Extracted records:
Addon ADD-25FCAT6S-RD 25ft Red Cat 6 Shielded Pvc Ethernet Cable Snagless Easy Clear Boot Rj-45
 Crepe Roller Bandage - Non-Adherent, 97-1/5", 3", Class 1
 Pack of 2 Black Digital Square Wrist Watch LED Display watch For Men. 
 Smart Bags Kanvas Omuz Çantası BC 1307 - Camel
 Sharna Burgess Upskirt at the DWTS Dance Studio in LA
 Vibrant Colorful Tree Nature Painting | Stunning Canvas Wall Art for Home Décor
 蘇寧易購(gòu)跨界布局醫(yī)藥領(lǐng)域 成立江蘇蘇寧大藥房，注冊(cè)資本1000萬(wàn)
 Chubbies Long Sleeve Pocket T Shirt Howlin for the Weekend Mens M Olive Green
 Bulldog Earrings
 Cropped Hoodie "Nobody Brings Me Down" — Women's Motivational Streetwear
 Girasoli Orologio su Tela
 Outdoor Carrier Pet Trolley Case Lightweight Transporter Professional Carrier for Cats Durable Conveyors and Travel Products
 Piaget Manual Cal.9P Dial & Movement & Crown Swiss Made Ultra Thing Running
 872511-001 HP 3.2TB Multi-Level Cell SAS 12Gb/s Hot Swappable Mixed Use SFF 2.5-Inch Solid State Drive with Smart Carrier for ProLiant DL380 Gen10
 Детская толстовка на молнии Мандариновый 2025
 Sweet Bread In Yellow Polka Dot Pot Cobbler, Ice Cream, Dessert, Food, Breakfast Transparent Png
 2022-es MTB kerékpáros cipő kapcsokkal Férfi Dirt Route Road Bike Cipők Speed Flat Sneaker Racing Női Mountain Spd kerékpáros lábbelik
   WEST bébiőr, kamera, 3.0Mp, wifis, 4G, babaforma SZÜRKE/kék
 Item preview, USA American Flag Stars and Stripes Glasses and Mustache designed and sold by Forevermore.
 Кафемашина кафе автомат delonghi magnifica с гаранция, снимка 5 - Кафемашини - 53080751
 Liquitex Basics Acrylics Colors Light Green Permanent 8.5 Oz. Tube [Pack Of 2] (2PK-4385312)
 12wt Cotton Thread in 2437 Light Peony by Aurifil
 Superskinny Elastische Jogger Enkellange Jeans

## Required action
Beginning with the line that has "Crepe Roller Bandage" and ending with the line that has "Outdoor Carrier Pet", set down the lines above exactly and include no others.

## Your solution
 Crepe Roller Bandage - Non-Adherent, 97-1/5", 3", Class 1
 Pack of 2 Black Digital Square Wrist Watch LED Display watch For Men. 
 Smart Bags Kanvas Omuz Çantası BC 1307 - Camel
 Sharna Burgess Upskirt at the DWTS Dance Studio in LA
 Vibrant Colorful Tree Nature Painting | Stunning Canvas Wall Art for Home Décor
 蘇寧易購(gòu)跨界布局醫(yī)藥領(lǐng)域 成立江蘇蘇寧大藥房，注冊(cè)資本1000萬(wàn)
 Chubbies Long Sleeve Pocket T Shirt Howlin for the Weekend Mens M Olive Green
 Bulldog Earrings
 Cropped Hoodie "Nobody Brings Me Down" — Women's Motivational Streetwear
 Girasoli Orologio su Tela
 Outdoor Carrier Pet Trolley Case Lightweight Transporter Professional Carrier for Cats Durable Conveyors and Travel Products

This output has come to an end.